Pate v. Peterson

107 Wash. 93 | Wash. | 1919

Holcomb, J.

Respondents, claiming an undivided one-third interest in the waters of Libby creek, a small watercourse in Okanogan county, brought ac*94tion to establish and quiet their title to the same, together with a like interest in a ditch across the land of the appellants from the creek to the land of the respondents, and to enjoin interference with the water right and ditch by the appellants.

Decree was for respondents, adjudicating them to be entitled to a water right for thirty acres of their land, requiring delivery at the north line of their land of thirty miners’ inches of water, under a four-inch head, during the entire irrigating season, from April 15 to October 1, annually, and enjoining interference with their water right and ditch.

The case being of equitable cognizance, the court was not required to, and did not, make any findings and conclusions, and the case is before us on appeal to be determined de novo. Appellants objected to the trial by the court, and later applied to require the state hydraulic engineer to intervene, on the ground that the new water code, chapter 117, Laws 1.917, p. 447, gave to the state hydraulic engineer the power, and imposed upon him the duty, of regulating and controlling the diversion of waters and determining water rights. This objection and the application were denied by the court.

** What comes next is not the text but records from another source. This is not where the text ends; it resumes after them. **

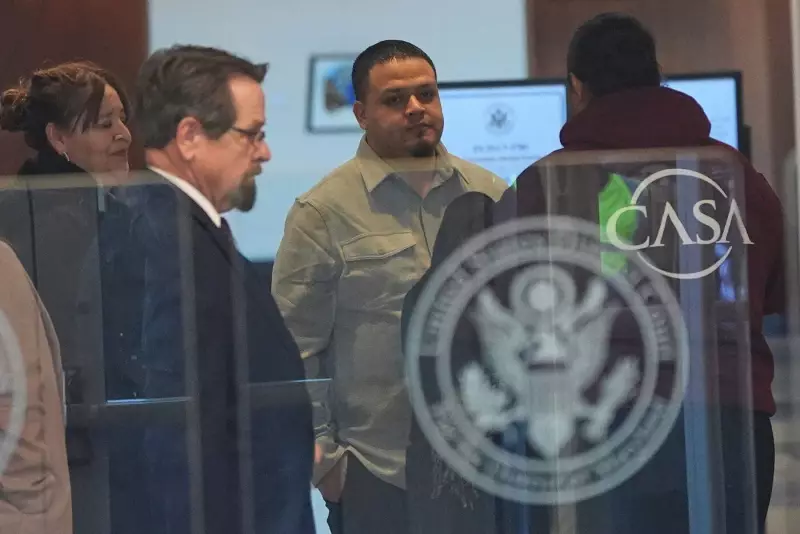 Judge Allows Kilmar Abrego Garcia to Remain Free Pending Immigration Review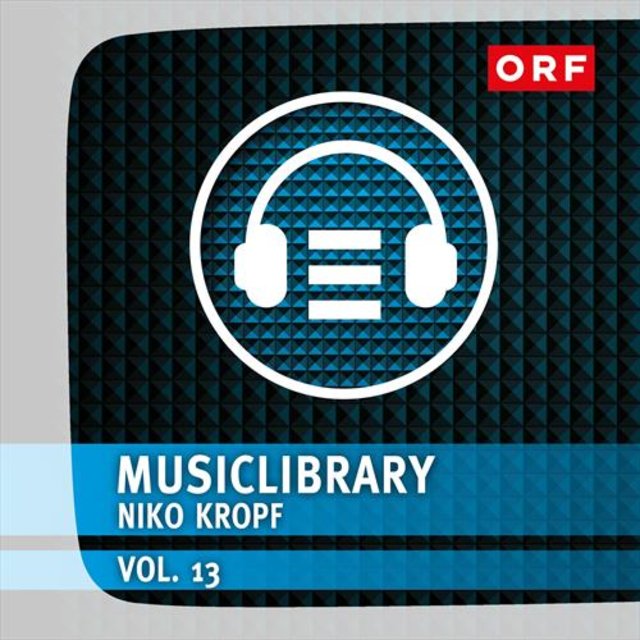 ORF-Musiclibrary, Vol. 13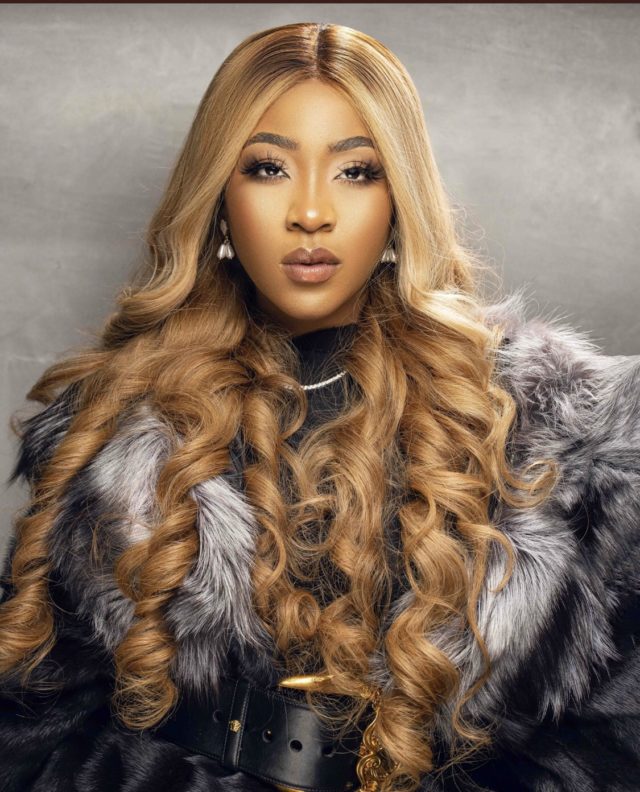 BBNaija Star, Erica Finally Gets Verified On Twitter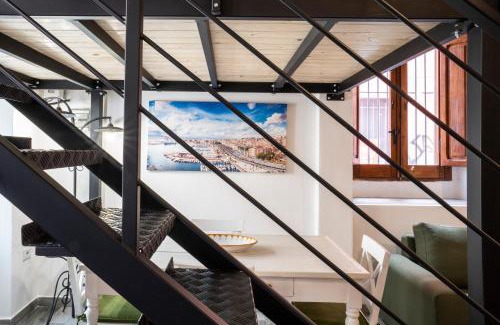Cagliari Apartamento | Villanova Loft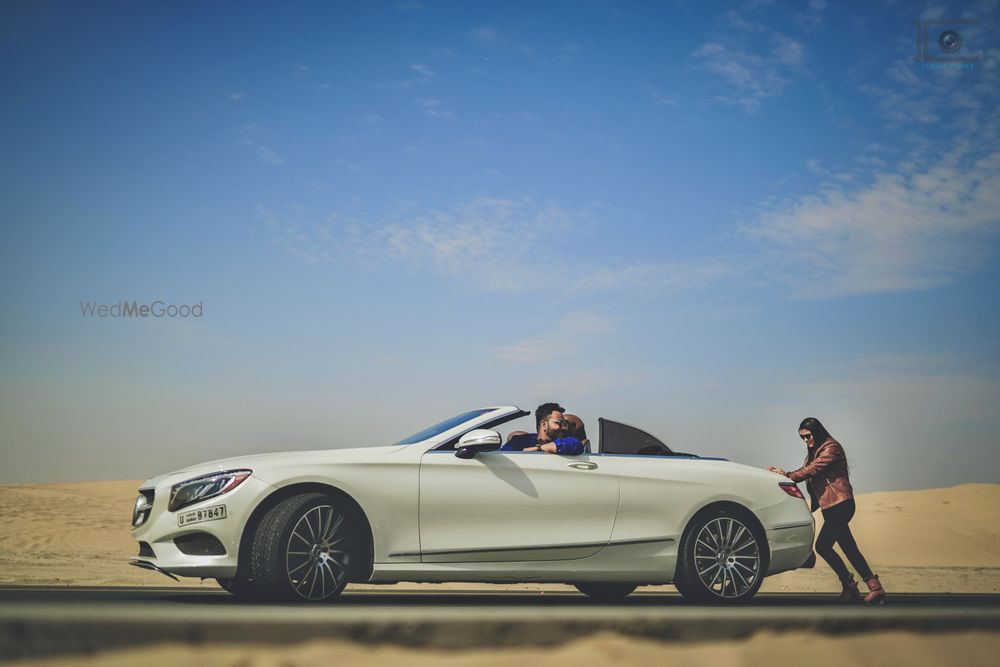 Photo From Pre wedding 2018-19 - By Iconic Clicks Photography & Events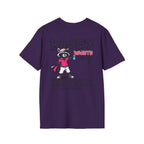 Raccoon Graffiti T-Shirt
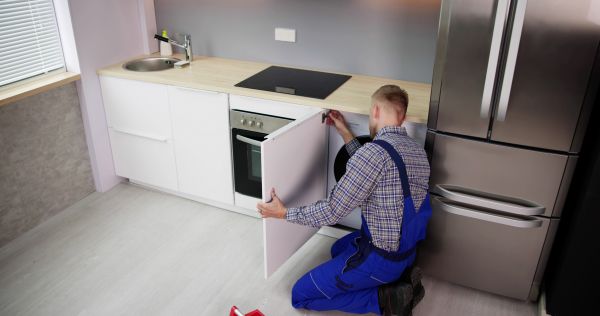 Broken Cabinet Repair in Mckinney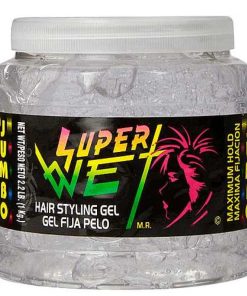 Cabello | Super Wet Gel Super Wet Jumbo Transparente 1000 Gr.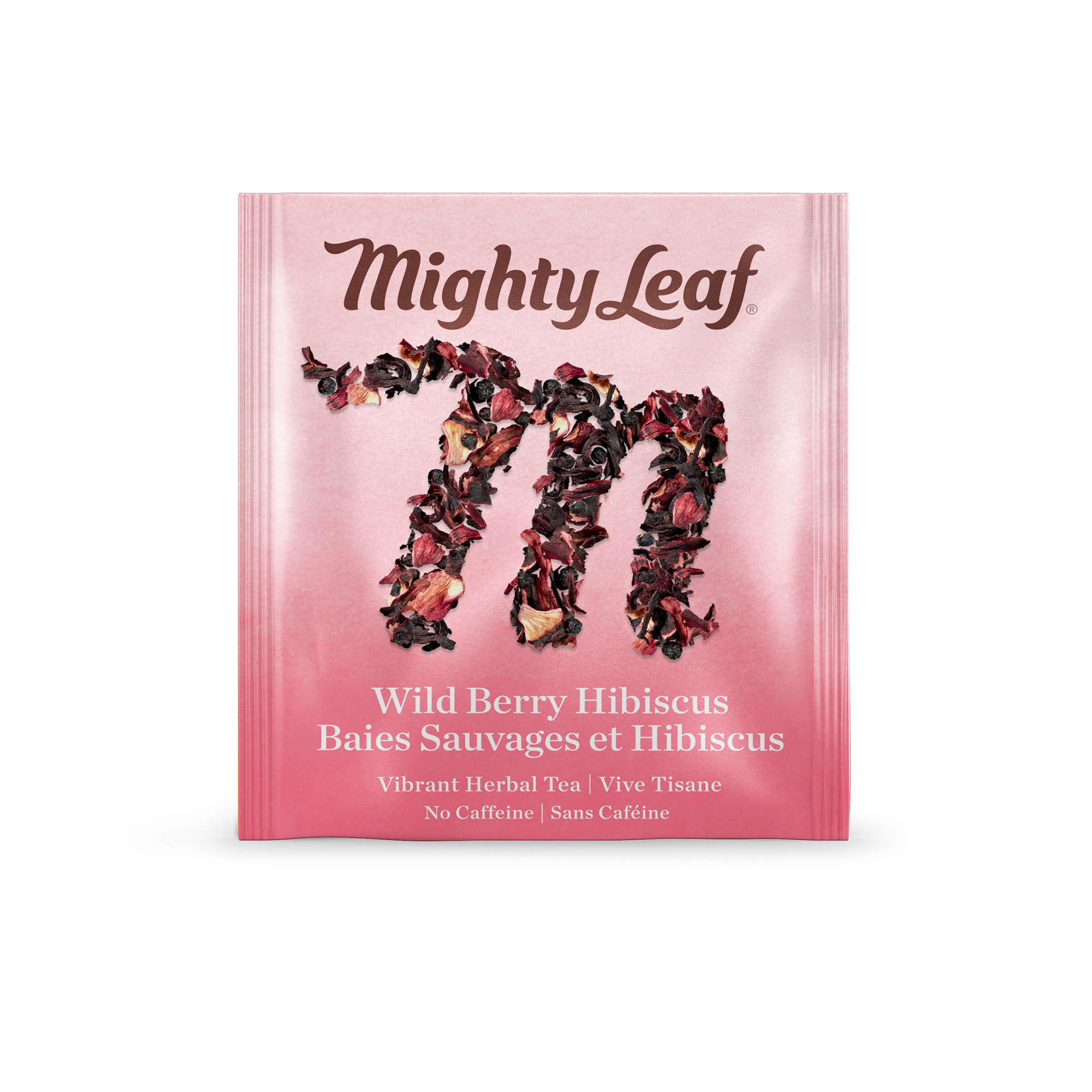 Empaque secundario de Wild Berry Hibiscus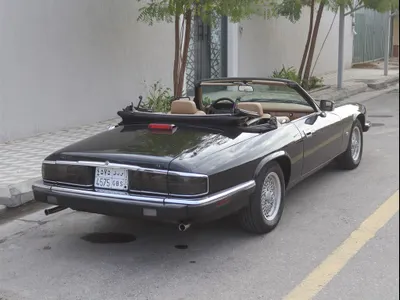 1993 جاكوار اكس جي اس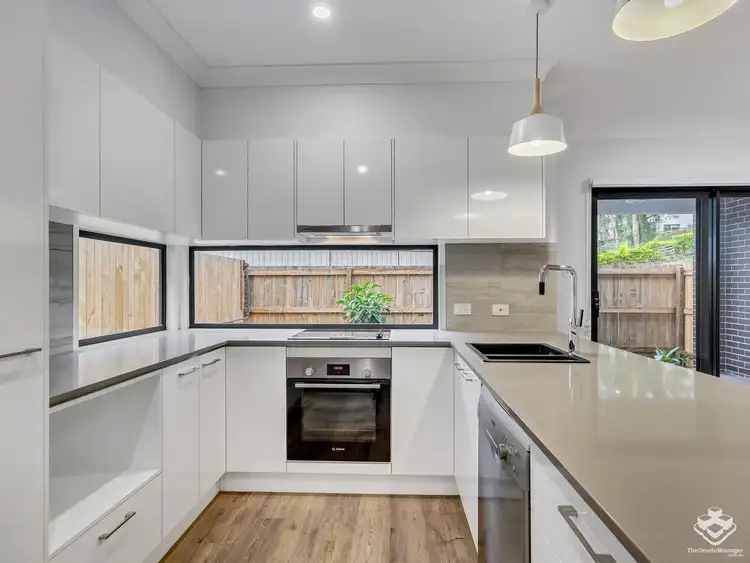 Second view of Homely townhouse listing, ID:21158110/122 Soames Street, Everton Park QLD 4053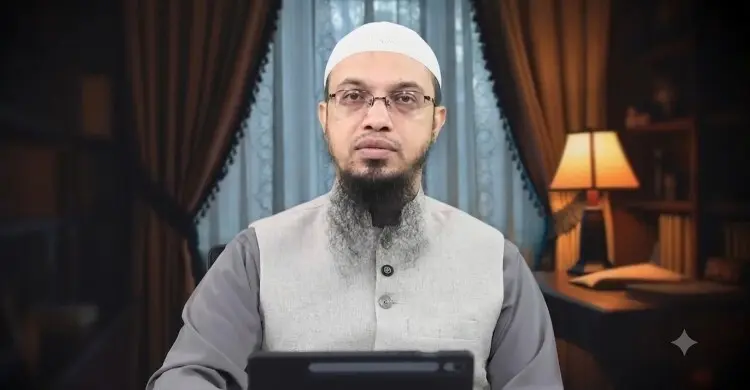 নবীজি (সা.) কি চাকরি করতে নিরুৎসাহিত করেছেন? যা বললেন শায়খ আহমাদুল্লাহ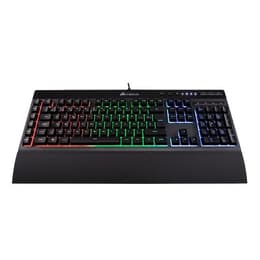 Corsair Keyboard AZERTY French Backlit Keyboard K55 RGB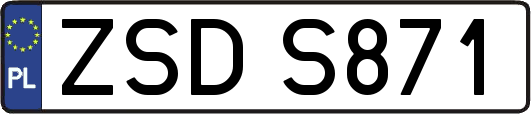 ZSDS871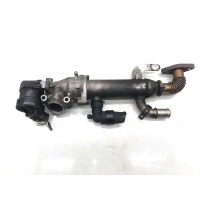 Клапан EGR Citroen C5 2004 9645689680, 9645689780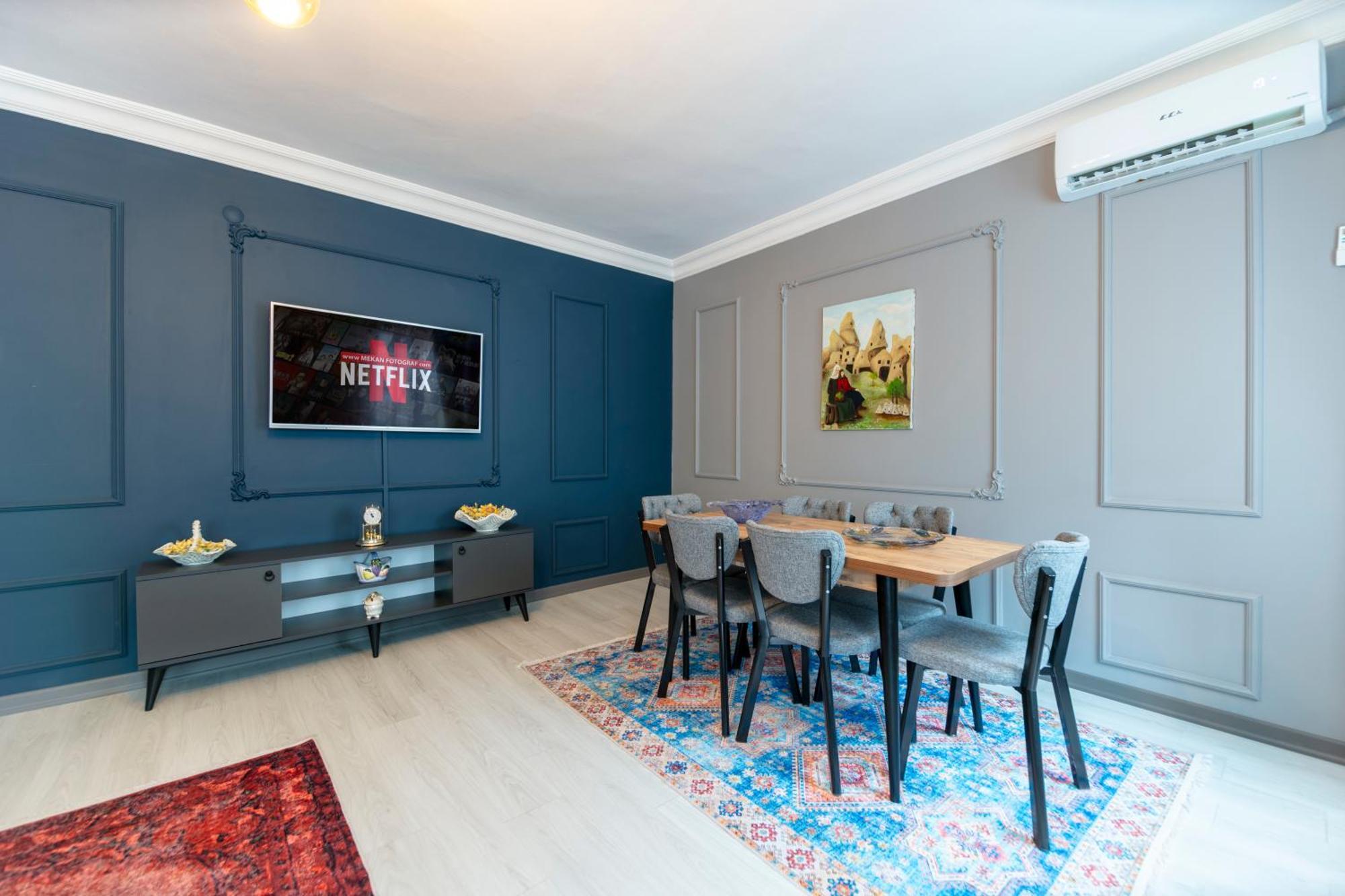 Hexa Suites Hotel Istanbul Eksteriør billede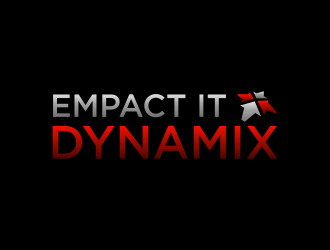 Empact IT logo design by luckyprasetyo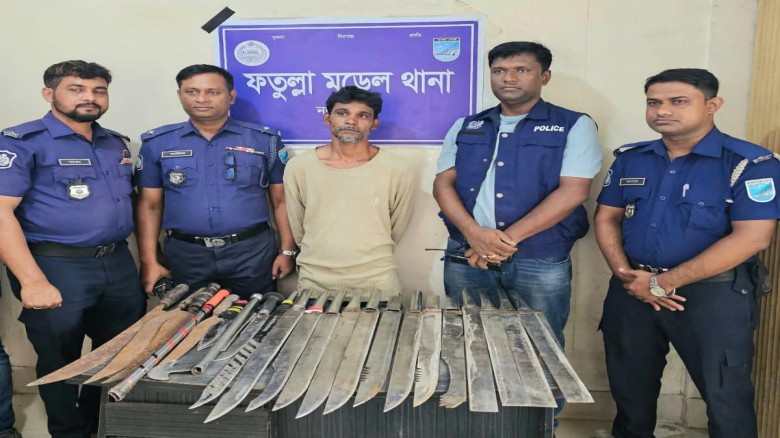 সেই হাশেমবাগে পুলিশের সাঁড়াশি অভিযান, বি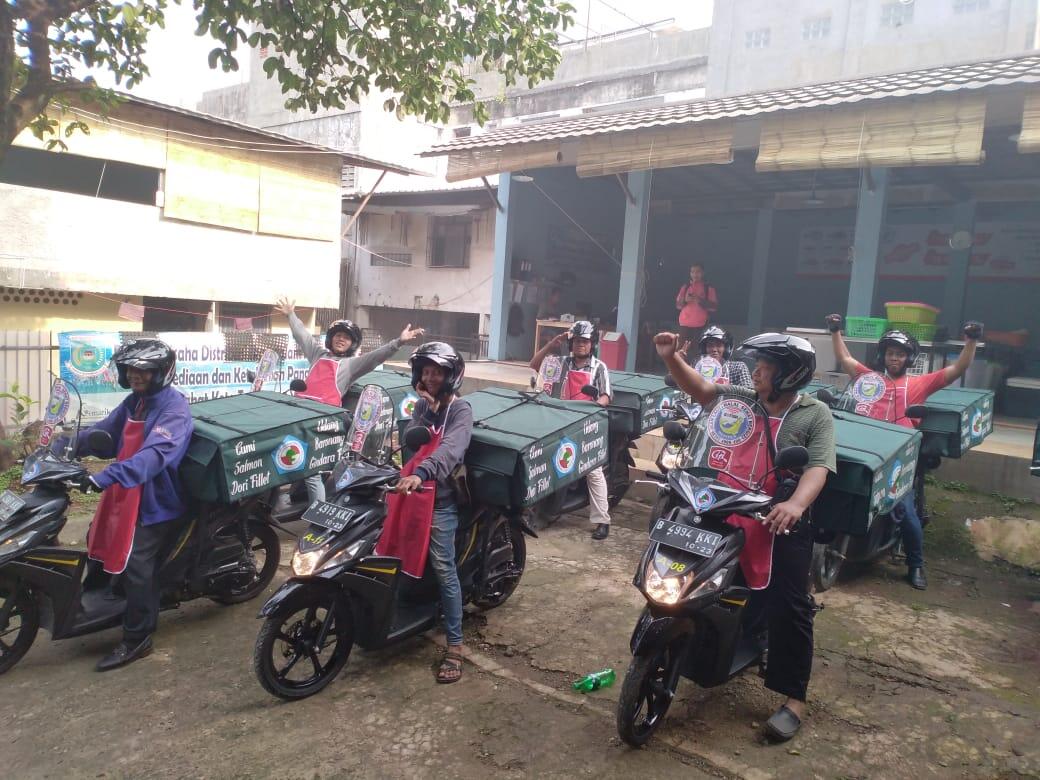 Dicari 50 Calon Pengusaha Hasil laut di Tangerang Selatan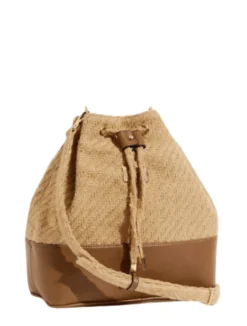 Fiorella Nude Bag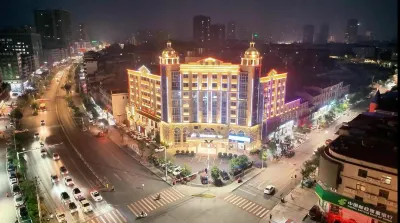 如家精選飯店（咸寧銀泉大道同惠廣場店） 湖北科技學院附近的飯店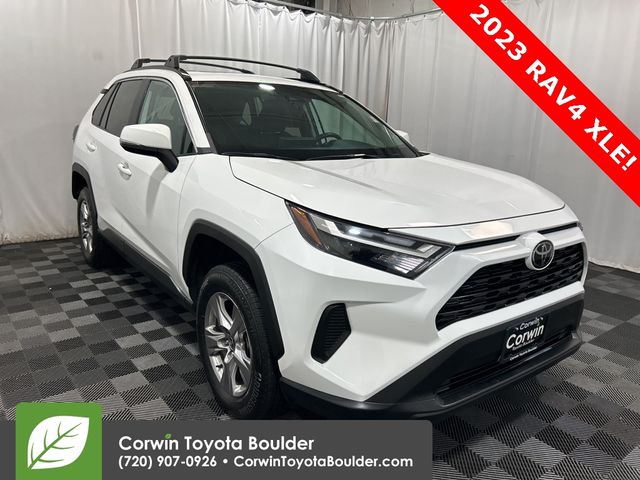 2023 Toyota RAV4 XLE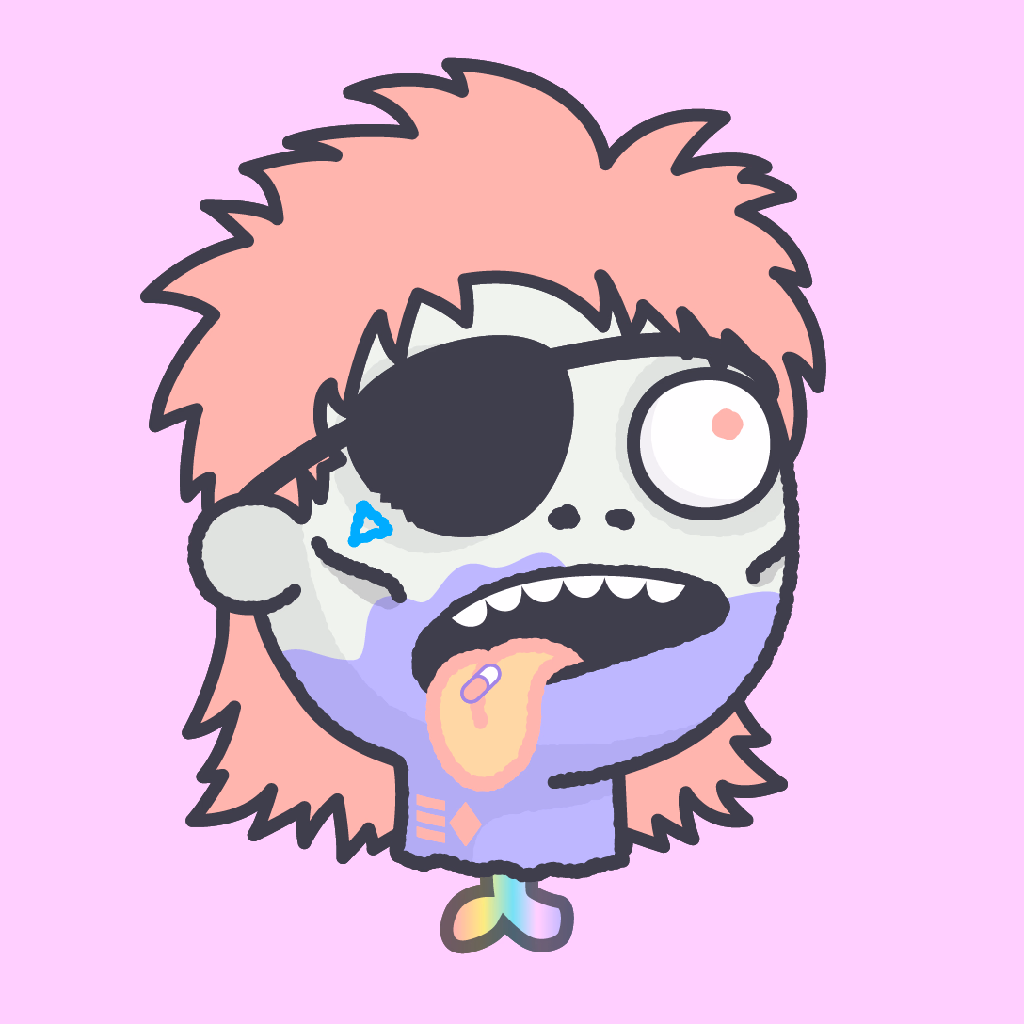 Dead Punk #4472 | DΞCAPINATION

Section 1, chapter 117, Laws 1917, p. 447, is as follows:

“The power of the state to regulate and control the waters within the state shall be exercised as hereinafter in this act provided. Subject to existing rights all waters within the state belong to the public, and any right thereto, or to the use thereof, shall be hereafter acquired only by appropriation for a beneficial use and in the manner provided and not otherwise; and, as between appropriations, the first in time shall be the first in right. Nothing contained in this act shall be construed to lessen, enlarge, or modify the existing rights of any riparian owner, or any existing *95right acquired by appropriation, or otherwise. They shall, however, be subject to condemnation as provided in section 4 hereof, and the amount and priority thereof may be determined by the procedure set out in sections 14 to 26 inclusive hereof. ’ ’

Section 11 specifically authorizes the Attorney General to appear in any litigation pending at the time of the law taking effect.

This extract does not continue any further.